Database Optimization: Eradicating the ORM N+1 Problem

How LZStock prevents database connection exhaustion by utilizing GORM Preloading and Application-Level Joins instead of massive SQL Cartesian products.

TL;DR
  • Kill the Query Waterfall: Replaced naive O(N×M)O(N \times M) loops with GORM's Preload mechanism, reducing hundreds of sequential, high-latency database hits to a strict, batch-optimized O(1)O(1) query flow.
  • Eliminate Cartesian Product Bloat: Favored application-level joins over massive SQL LEFT JOIN statements to prevent redundant data duplication across the network, shifting the "stitching" CPU workload to horizontally scalable Go application pods.
  • Hybrid Optimization Strategy: Balanced DB-level sorting via eager-loading closures while establishing a clear fallback rule: utilize SQL INNER JOIN or EXISTS specifically for cases requiring filtering by child attributes that independent queries cannot handle.

The Objective

The convenience of Object-Relational Mappers (ORMs) like GORM comes with a deadly trap: The N+1 Query Problem.

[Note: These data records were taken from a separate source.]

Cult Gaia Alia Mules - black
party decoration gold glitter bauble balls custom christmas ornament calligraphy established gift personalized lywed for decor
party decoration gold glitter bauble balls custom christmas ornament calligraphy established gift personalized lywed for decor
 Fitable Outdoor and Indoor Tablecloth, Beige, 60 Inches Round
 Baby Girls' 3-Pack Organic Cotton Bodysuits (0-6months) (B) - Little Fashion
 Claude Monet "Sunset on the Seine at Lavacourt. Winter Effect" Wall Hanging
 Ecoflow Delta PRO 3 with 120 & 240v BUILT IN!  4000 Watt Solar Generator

In our core domain, fetching a single Dashboard requires loading its Watchlists, which in turn require loading multiple USCompanies. A naive implementation using a loop triggers 1 query for the dashboard, N queries for the watchlists, and M queries for the companies—potentially executing 50+ sequential queries for a single API call.

Under high concurrency, this instantly exhausts the PostgreSQL connection pool and spikes latency. The objective is to enforce strict Batch Fetching (Eager Loading), reducing the query complexity from O(N×M)O(N \times M) down to a strict, predictable O(1)O(1) (exactly 3 queries).

The Mental Model

Instead of executing a loop, the system executes 3 isolated batch queries and stitches the relationships together in the Go application's memory (Application-Level Join).

N+1 Trap Example

Click to reveal the N+1 Disaster in code
func BadExample(id uuid.UUID) {
var dashboard Dashboard

// 1. Load Dashboard (1 Query)
db.Where("id = ?", id).First(&dashboard)

// 2. Load Watchlists (1 Query)
db.Where("dashboard_id = ?", id).Find(&dashboard.Watchlists)

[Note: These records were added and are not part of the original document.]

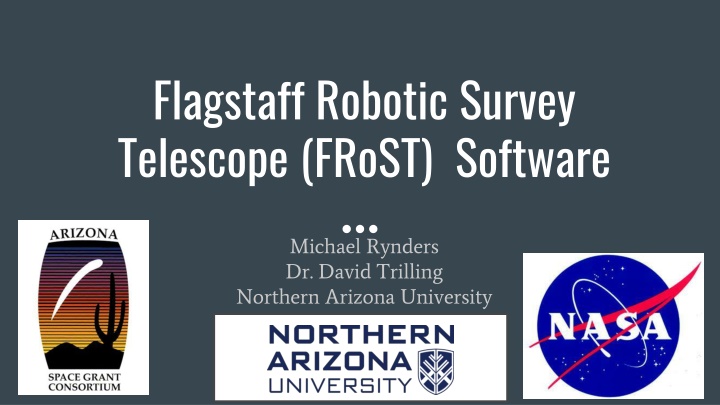 flagstaff robotic survey telescope frost software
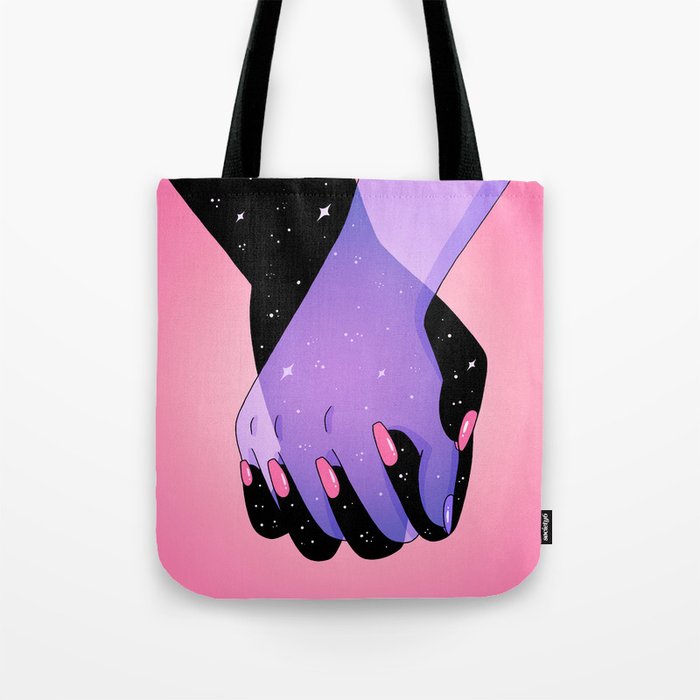 Cosmic Hand Squeeze Tote Bag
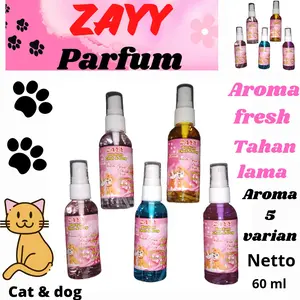 zayy  parfum kucing kelinci aroma Harum tahan lama spray neto 60 ml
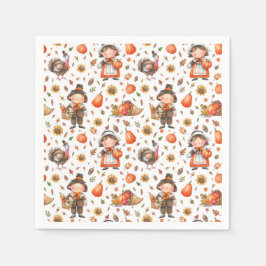 Erntedank Napkins Serviette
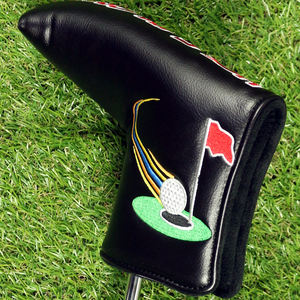 Copritesta per Putter in Pelle PU Personalizzato OEM ODM con Design 'Hole In One', Accessorio Regalo per Prestazioni Professionali nel Golf - Product Image 6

// 3. Load Companies in a loop (N Queries! 💥)
for i := range dashboard.Watchlists {
db.Model(&dashboard.Watchlists[i]).
Association("USCompanyRefs").
Find(&dashboard.Watchlists[i].USCompanyRefs)
}
}

Core Implementation

Below is the highly curated data access logic utilizing GORM's Preload. Notice how we inject custom SQL scoping (like ORDER BY) directly into the eager-loading closures to maintain sorting at the database level.

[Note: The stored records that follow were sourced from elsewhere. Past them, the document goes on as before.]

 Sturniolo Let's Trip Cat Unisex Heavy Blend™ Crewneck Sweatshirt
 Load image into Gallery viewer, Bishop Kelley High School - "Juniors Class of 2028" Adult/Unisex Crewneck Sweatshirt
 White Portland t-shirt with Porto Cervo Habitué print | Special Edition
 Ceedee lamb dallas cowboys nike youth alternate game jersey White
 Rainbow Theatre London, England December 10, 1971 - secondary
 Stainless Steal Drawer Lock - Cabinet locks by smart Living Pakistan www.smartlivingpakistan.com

// internal/repository/pg/dashboard_repo.go

func (r *DashboardRepo) GetDashboardWithRelations(ctx context.Context, id uuid.UUID) (*schema.Dashboard, error) {
var dashboard schema.Dashboard

// Executes exactly 3 optimized queries using the SQL 'IN' operator
err := r.db.WithContext(ctx).
// Query 2: Fetch all Watchlists
Preload("Watchlists", func(db *gorm.DB) *gorm.DB {
return db.Order("created_at DESC")
}).
// Query 3: Fetch all Companies linked to those Watchlists
Preload("Watchlists.USCompanyRefs", func(db *gorm.DB) *gorm.DB {
return db.Order("us_companies.company_name ASC")
}).
Where("id = ?", id).
First(&dashboard).Error

if err != nil {
return nil, fmt.Errorf("failed to fetch dashboard relations: %w", err)
}

return &dashboard, nil
}

Edge Cases & Trade-offs

  • Preload (App-Level Join) vs. SQL JOIN (Cartesian Product): Why did I choose Preload instead of writing a single LEFT JOIN query?
    • If a Dashboard has 10 Watchlists, and each has 50 Companies, a single JOIN produces 500 rows. The Dashboard and Watchlist columns are heavily duplicated across all 500 rows, causing massive network bandwidth bloat (The Cartesian Product Effect).
    • Preload executes 3 separate queries and prevents this data duplication, shifting the stitching CPU load from the Database to the Go Application—which is horizontally scalable and cheaper.
  • When JOIN is Mandatory: The fatal flaw of Preload is that the queries are independent. If the business logic requires filtering the parent based on a child's attribute (e.g., "Fetch only Dashboards that contain 'TSLA' in any of their watchlists"), Preload cannot do this. In such edge cases, the architecture strictly mandates falling back to an INNER JOIN or EXISTS subquery to utilize the database's relational engine.

The Outcome

By enforcing strict GORM Preloading strategies across the Repository layer, deeply nested aggregate roots are fully hydrated in a guaranteed maximum of 3 queries, completely neutralizing connection pool exhaustion under heavy WebSocket/API traffic.